• WHAT THE EXERCISE ASKS: Would you copy out, exactly as written, each line from the one containing "Toyota Camry 2018" to the end of the records below?

• DATA:
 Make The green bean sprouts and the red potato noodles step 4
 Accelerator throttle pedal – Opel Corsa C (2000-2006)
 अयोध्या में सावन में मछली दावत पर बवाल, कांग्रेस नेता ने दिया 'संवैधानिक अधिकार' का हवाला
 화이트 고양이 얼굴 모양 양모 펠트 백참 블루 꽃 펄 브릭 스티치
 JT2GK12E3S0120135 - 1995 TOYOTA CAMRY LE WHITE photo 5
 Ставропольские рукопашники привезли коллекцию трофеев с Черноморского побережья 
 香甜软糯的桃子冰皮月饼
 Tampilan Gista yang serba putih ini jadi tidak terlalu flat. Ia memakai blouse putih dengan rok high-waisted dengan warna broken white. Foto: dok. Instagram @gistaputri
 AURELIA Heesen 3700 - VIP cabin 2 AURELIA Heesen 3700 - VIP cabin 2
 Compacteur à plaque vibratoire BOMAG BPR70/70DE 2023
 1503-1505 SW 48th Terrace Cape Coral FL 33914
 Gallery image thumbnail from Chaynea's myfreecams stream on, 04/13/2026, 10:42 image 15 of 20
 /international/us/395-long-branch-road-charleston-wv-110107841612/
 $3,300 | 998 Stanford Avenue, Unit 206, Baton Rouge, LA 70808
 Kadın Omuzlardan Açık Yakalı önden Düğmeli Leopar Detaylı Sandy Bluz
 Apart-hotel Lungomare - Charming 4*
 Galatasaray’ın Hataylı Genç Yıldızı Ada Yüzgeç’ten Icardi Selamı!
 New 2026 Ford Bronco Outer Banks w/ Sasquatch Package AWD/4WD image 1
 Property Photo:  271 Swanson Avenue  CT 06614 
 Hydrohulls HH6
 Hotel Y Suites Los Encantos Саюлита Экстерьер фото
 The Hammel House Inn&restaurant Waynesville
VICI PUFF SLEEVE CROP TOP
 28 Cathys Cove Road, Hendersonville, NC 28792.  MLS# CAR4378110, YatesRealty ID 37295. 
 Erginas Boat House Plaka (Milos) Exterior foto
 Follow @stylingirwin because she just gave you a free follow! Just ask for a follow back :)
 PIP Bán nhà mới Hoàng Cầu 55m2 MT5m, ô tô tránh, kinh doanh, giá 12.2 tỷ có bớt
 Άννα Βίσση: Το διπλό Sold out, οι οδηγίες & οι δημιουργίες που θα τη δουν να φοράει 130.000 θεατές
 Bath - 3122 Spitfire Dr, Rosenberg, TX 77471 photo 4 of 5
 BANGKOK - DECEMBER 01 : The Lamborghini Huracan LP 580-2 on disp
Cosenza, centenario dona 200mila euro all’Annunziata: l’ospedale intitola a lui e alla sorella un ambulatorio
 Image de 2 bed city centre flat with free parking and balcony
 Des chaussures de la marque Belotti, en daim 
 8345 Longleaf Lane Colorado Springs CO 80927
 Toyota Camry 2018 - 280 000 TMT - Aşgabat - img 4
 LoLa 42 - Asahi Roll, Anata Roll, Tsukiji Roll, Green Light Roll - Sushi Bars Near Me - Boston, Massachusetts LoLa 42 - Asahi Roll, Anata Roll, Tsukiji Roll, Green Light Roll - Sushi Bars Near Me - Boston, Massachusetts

• OUTPUT OF THE TASK:
 Toyota Camry 2018 - 280 000 TMT - Aşgabat - img 4
 LoLa 42 - Asahi Roll, Anata Roll, Tsukiji Roll, Green Light Roll - Sushi Bars Near Me - Boston, Massachusetts LoLa 42 - Asahi Roll, Anata Roll, Tsukiji Roll, Green Light Roll - Sushi Bars Near Me - Boston, Massachusetts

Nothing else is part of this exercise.